Aerospace manufacturer Blue Origin founder Jeff Bezos has posted the first-ever images of the fully-completed BE-4 liquid rocket engine on Twitter, giving the world a look at the technology that his company plans to use to send its New Glenn rockets to the moon and back.

On Monday, Bezos posted a photograph of a completely-assembled, upright BE-4, then followed that up with a second image of the engine sitting in its cradle, showing off the fruits of more than four years worth of R&D work for the very first time in a social media post with no fanfare.

According to Gizmodo, the New Glenn itself is still only in the planning stages – and, in fact, the facility where it will be built is currently in construction in Cape Canaveral. However, the plan is to ultimately use the massive rockets to ferry humans and goods to and from a lunar colony.

Those plans, disclosed in a seven-page document sent by the Amazon owner to US President Donald Trump and revealed last week by the Washington Post (which is also owned by Bezos), would involve building a lunar lander and eventually establishing an Amazon-like service that would ship cargo, habitats and experiments to a human settlement by mid-2020.

“It is time for America to return to the Moon – this time to stay,” Bezos told the newspaper via email in response to their inquiries. “A permanently inhabited lunar settlement is a difficult and worthy objective. I sense a lot of people are excited about this.”
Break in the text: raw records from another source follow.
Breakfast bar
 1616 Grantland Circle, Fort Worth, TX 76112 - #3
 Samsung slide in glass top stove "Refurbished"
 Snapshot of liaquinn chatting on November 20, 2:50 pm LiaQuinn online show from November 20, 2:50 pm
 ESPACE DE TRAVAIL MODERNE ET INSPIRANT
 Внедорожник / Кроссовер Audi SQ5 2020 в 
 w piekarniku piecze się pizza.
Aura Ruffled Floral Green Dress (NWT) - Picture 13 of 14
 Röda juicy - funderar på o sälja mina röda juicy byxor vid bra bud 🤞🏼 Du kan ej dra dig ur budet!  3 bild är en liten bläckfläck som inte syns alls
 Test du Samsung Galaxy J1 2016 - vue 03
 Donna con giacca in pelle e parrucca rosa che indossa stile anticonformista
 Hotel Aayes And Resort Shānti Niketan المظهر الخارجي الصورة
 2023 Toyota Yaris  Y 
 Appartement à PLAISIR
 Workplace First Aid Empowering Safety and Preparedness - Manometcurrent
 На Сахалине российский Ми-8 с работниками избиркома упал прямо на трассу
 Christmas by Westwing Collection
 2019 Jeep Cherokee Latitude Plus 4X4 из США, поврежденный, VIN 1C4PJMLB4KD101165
Private-sector space race turns its focus to the lunar surface

First things first, however – Blue Origin still has to complete its BE-4 engines, which have been in development since 2011, according to The Verge. On its website, the company says that it will have the engines flight certified by the end of the year, and that it will be ready to fly by 2019.

Once completed, a pair of BE-4 engines will be able to provide a reported 1.1 million pounds of thrust, and the company said that they are 100% funded by the private sector, meaning that these boosters require no taxpayer dollars. The New Glenn, which will be available in both a 270 foot and a 313 foot variety, will use seven BE-4s on each of its first stages, The Verge noted.

Bezos’s revelation comes just days after SpaceX head Elon Musk announced that his company was planning to send a pair of space tourists to the moon by the end of next year, some 45 years after the completion of the last Apollo mission, using its yet-to-be-flown Falcon Heavy rocket.

Musk said that the unnamed individuals had already paid a “substantial” deposit and were in the process of training for the proposed voyage, which would take the duo 300,000 to 400,000 miles (480,000 to 640,000 km) from Earth to the moon and beyond, before their spacecraft was pulled back into the planet’s atmosphere by gravity and a parachute landing ended their journey.